We moved offices recently—and you all know what a joy moving can be. We’re now on the far west side of Midtown Manhattan, the neighborhood where two of New York’s great fictional characters resided: Nero Wolfe, the ingenious, orchid-fancying, and largely housebound private detective, and his much more dynamic legman and chronicler, Archie Goodwin. Both would be amazed—or, perhaps more likely, appalled—by the glass-sheathed towers of the Hudson Yards project now rising near the site of their old brownstone. Then again, nobody appreciated the urge to turn a buck more than Wolfe.
On the plus side, the move unearthed a number of treasures from our archive and you see a few of them arrayed in the photo below. They include an actual Western Union telegram sent in 1953 by Electra Havemeyer Webb, the founder of the Shelburne Museum, to her friend Alice Winchester, the second editor of The Magazine ANTIQUES. The telegram sits atop a bargello waistcoat that Winchester needlepointed for her successor, Wendell Garrett. (I have never tried it on, for fear it would spontaneously burst into flames rather than be worn by me.) Also atop the waistcoat you see some of the myriad black-covered record books in which Wendell wrote down in his careful hand—often using a fountain pen—interesting thoughts and quotations he’d come across in the work of writers, poets, statesmen, and historians.

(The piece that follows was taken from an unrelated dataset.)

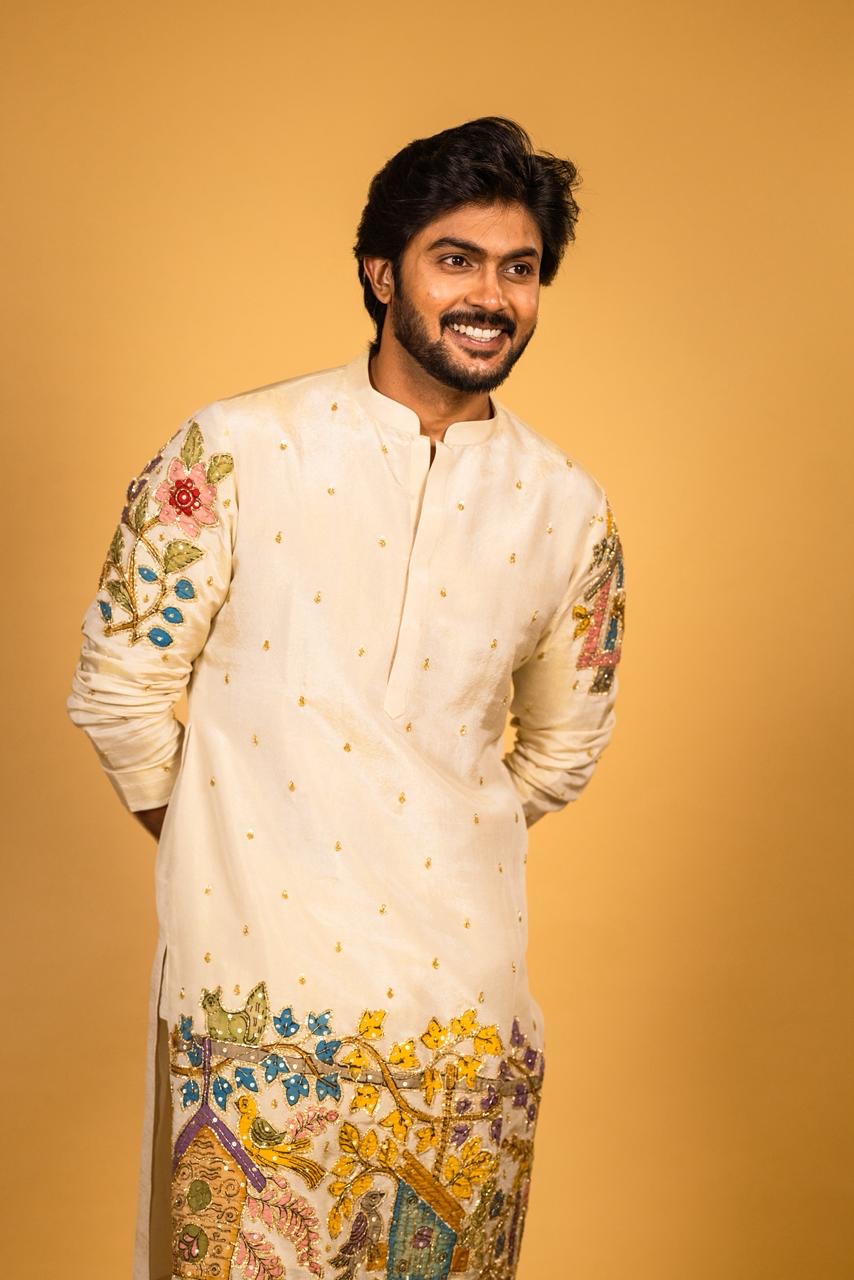 Ivory humming bird kurta set
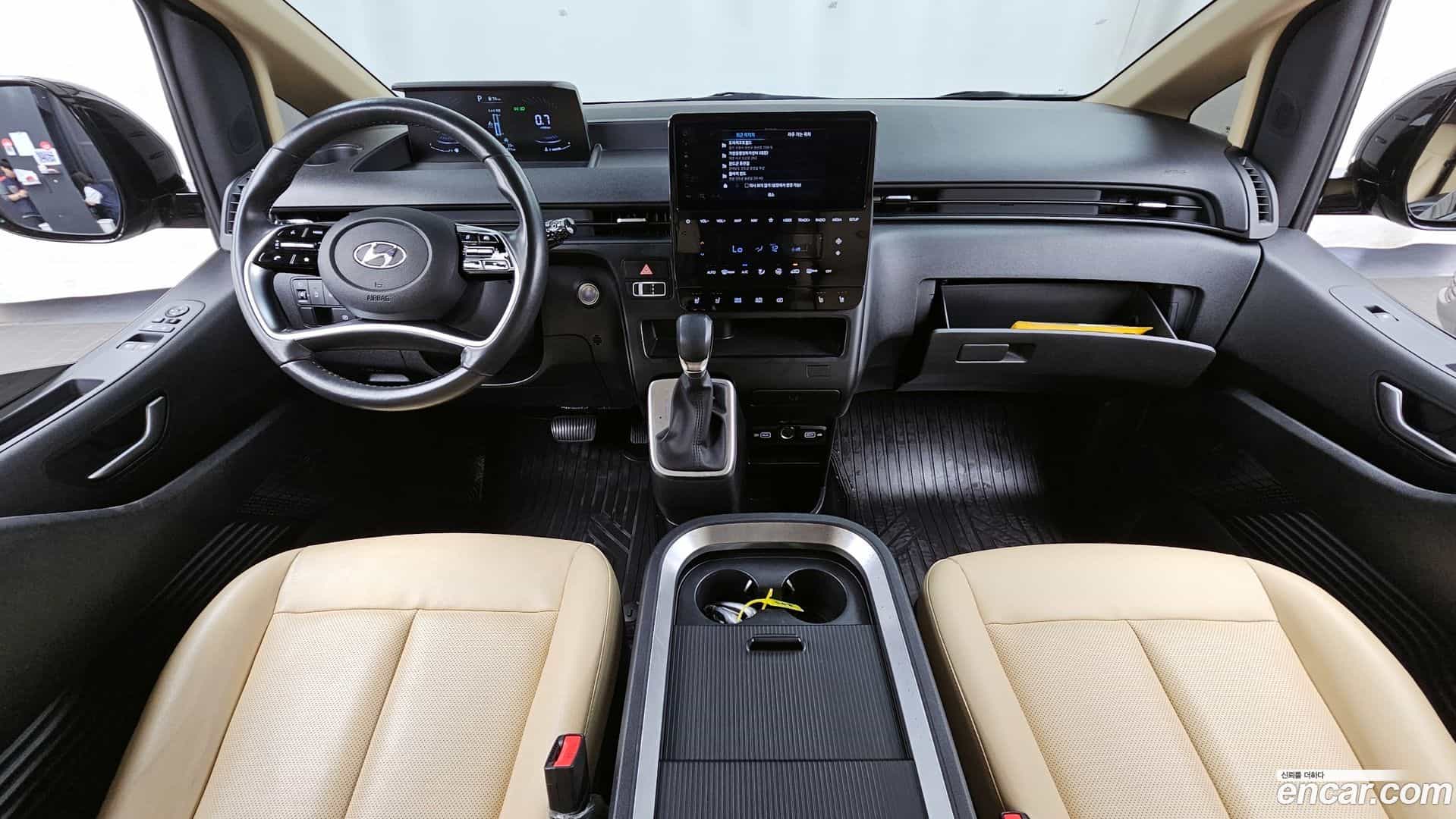 Staria Hyundai 2022.0-INNER-007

I spoke about these artifacts and about Wendell with my predecessor as editor here, Elizabeth Pochoda. A short time later she sent me a reminiscence about the memorial for Wendell held, not long after his death, at the Park Avenue Armory, during the Winter Antiques Show, on January 28, 2013:
There was no better time or place to honor Wendell, American historian and unofficial dean of American decorative arts. The joyful modernism of the Dave Brubeck Quartet’s Time Out, a favorite of his, summoned the crowd to the Armory’s Tiffany Room. The printed program for the event was set by hand in a circa 1797 typeface made by America’s first successful typeface foundry, Binny and Ronaldson of Philadelphia.
There were tributes, of course, and “Monticello,” a poem by the Pulitzer Prize–winning poet Robert Hass, was read by Leslie Greene Bowman, president of the Thomas Jefferson Foundation. Threaded through it all were readings from Wendell’s notebooks—pungent lines from John Adams, Walt Whitman, Mark Twain, F. Scott Fitzgerald, and others that expressed the hopes and concerns of a man who had been born to sharecroppers and never stopped pondering the complex fate of his country.
And then a moment of silence broken by Aaron Copland’s “Fanfare for the Common Man,” played by trumpeter Woodrow English, a retired US Army sergeant major, behind the crowd, unseen in the darkness of the Veterans Room.
I am sorry that I never knew Wendell Garrett, but I’m glad to have the company of his notebooks.
The waistcoat is nice to look at, too.